日月の運行のため、自然界は陰陽の増減の変化の中に置かれ、それは昼夜の交替の出現に現れるものであり、昼は陽であり、夜は陰である。人体の陰陽の気も増減に伴って変わり、そこで目が覚めることと眠ることの交替があるわけだ。目が覚めることは陽に属し陽気を主とし、眠ることは陰に属し陰気を主とする。人類が存在するようになってからは人類の活動の規則があるようになり、日が昇ったら働き、日が沈めば休むことであると言える。『霊枢・営衛生会』には「日が沈むと陽が尽きて陰の気が夜中に盛んになり、万民は全て横になり、命は陰に合うことである。明け方になると陰が尽きて陽の気になり、このようにやむことなければ、天地と同じである」ともいわれている。『霊枢・口問』はこれに対して、夜中に「陽気が尽き、陰気が盛んになり、眠る」、白昼に「陰気が尽きて陽気が盛んになり、目が覚める」とさらに説いている。

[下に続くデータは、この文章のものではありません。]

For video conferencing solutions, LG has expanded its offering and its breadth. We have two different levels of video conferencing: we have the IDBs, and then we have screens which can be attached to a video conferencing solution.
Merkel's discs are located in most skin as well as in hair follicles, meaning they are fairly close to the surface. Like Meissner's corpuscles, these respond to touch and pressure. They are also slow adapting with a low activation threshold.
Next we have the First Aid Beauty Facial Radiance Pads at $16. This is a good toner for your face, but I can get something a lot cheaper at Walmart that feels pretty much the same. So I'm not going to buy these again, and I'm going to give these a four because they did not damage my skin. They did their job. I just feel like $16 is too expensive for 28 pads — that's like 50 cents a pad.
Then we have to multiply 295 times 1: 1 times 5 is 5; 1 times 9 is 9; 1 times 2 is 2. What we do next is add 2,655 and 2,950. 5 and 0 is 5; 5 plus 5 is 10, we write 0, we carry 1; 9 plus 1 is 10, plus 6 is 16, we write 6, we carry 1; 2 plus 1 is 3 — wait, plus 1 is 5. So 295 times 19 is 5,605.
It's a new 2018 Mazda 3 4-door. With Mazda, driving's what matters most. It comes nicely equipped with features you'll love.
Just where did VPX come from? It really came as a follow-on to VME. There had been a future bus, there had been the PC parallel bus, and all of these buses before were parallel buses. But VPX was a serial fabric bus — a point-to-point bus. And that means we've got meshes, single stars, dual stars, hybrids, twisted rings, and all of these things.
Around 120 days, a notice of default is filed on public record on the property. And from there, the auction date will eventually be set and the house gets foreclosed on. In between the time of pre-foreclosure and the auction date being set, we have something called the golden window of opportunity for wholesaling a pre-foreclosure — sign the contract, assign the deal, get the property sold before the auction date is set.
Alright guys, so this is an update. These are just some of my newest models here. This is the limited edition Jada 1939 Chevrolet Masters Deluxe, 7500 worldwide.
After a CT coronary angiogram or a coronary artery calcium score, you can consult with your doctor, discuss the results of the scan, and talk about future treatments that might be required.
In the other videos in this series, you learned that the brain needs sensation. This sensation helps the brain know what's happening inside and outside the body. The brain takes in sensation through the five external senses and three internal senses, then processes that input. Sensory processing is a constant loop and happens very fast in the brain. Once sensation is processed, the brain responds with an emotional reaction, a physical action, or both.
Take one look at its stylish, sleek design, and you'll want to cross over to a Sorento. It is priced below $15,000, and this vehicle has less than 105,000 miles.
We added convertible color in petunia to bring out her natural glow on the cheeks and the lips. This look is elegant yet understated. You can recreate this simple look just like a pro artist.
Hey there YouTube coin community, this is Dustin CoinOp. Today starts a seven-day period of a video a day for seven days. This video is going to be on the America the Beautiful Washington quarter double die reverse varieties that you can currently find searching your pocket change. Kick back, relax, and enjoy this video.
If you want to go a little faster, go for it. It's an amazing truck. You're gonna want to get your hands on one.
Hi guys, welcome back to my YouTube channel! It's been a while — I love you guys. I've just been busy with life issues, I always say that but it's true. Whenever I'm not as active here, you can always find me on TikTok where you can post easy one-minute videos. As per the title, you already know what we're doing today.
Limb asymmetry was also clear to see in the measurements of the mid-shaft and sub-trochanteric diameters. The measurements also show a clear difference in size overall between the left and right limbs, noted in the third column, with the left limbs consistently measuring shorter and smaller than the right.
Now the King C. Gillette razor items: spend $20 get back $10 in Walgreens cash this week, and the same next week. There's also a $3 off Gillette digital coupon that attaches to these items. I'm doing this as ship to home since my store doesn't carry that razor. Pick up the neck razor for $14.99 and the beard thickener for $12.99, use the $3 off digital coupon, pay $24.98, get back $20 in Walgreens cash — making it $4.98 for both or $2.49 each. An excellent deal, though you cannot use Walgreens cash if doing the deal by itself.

 二、睡眠の生理的基礎は営気・衛気の運行である。人が起きている時と眠っている時の変化は人体の営気(営気は脈の中にめぐり、栄養の作用に富む気である)、衛気(衛気は脈の外にめぐり、防衛機能をもつ気である)の運行を基礎とし、そのうち衛気のめぐりは最もかかわりのあるものである。『霊枢・衛気行』は「衛気は一日一夜体を50回めぐり、日は陽に25回めぐり、夜は陰に25回めぐる」と書いている。『霊枢・営衛生会』も「衛気は陰に25度でめぐり、陽に25度でめぐり、昼夜に分け、それゆえに気が陽に至って起き、陰に至って止む」とも言っている。ここで言う「起きる」とは起床のことを指し、「止む」とは寝つくことを指す。これをみても分かるように、衛気が陰にめぐると陽気が尽きて陰気が盛んになり、ゆえに形は静かで寝つく(人体が相対的な静止状態に入って寝たくなる)。陽にめぐると、陰気が尽きて陽気が盛んになり、ゆえに形は動いて目が覚める(人体が動態的になって目が覚める)。そのため、人体の睡眠と目ざめは心と神の指図を受け、神は静かで眠っており、神は動いて目が覚め、情、志が過ぎて眠りにくくなるわけである。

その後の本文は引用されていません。